_WORK TO COMPLETE_:
Return the lines of the listing below exactly as they appear, beginning at the one with "Age of Sigmar: Gotrek" and stopping after the one with "Anniversary Edition Guest Libs"; do not include pictures.

_PROVIDED ENTRIES_:
'''

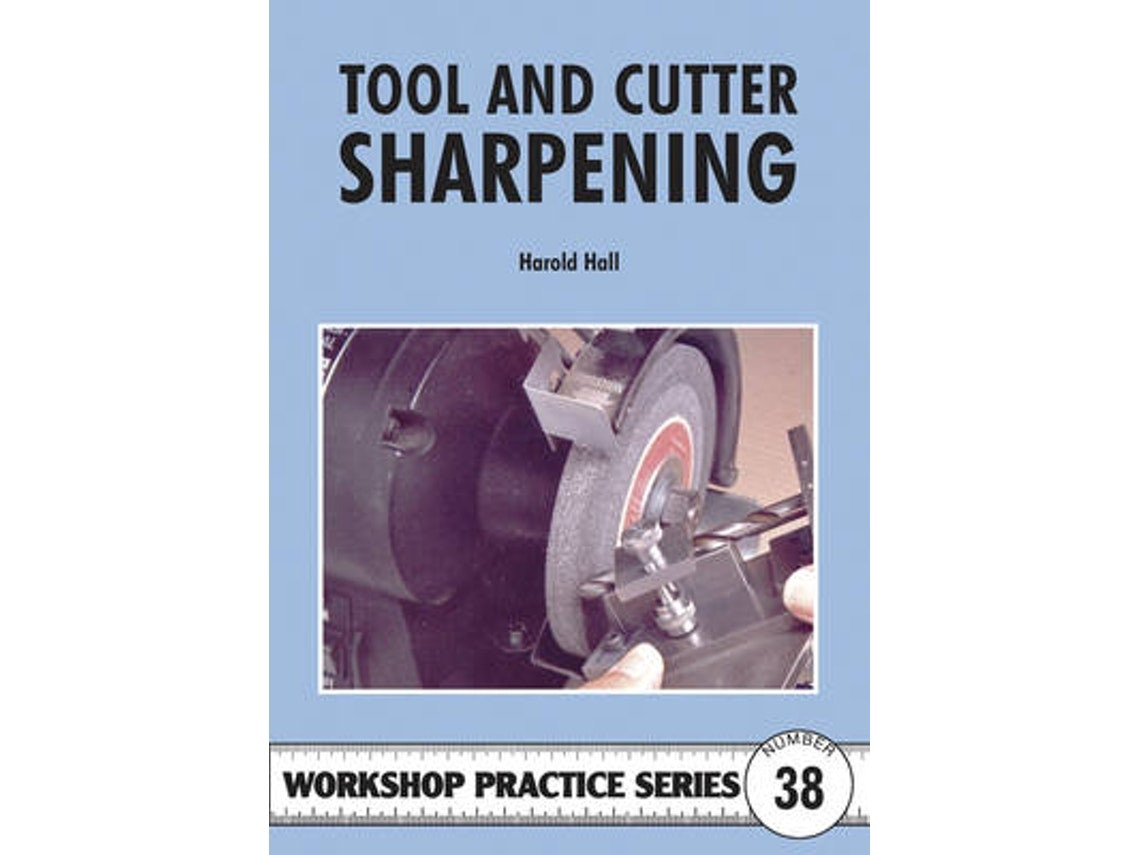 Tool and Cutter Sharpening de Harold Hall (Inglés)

'''
'''

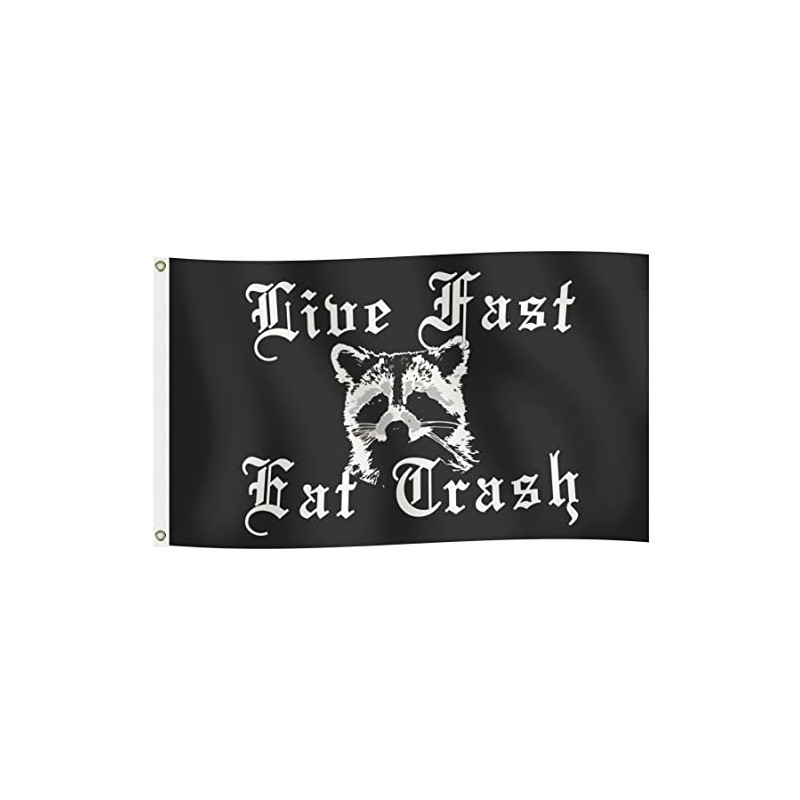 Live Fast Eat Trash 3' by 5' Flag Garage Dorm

'''
'''

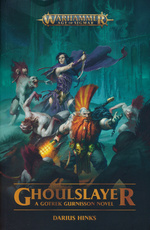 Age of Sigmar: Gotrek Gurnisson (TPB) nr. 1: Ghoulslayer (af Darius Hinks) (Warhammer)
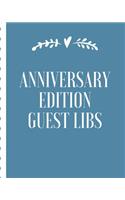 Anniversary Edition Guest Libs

'''

_WRITTEN REPLY_:
 Age of Sigmar: Gotrek Gurnisson (TPB) nr. 1: Ghoulslayer (af Darius Hinks) (Warhammer)
 Anniversary Edition Guest Libs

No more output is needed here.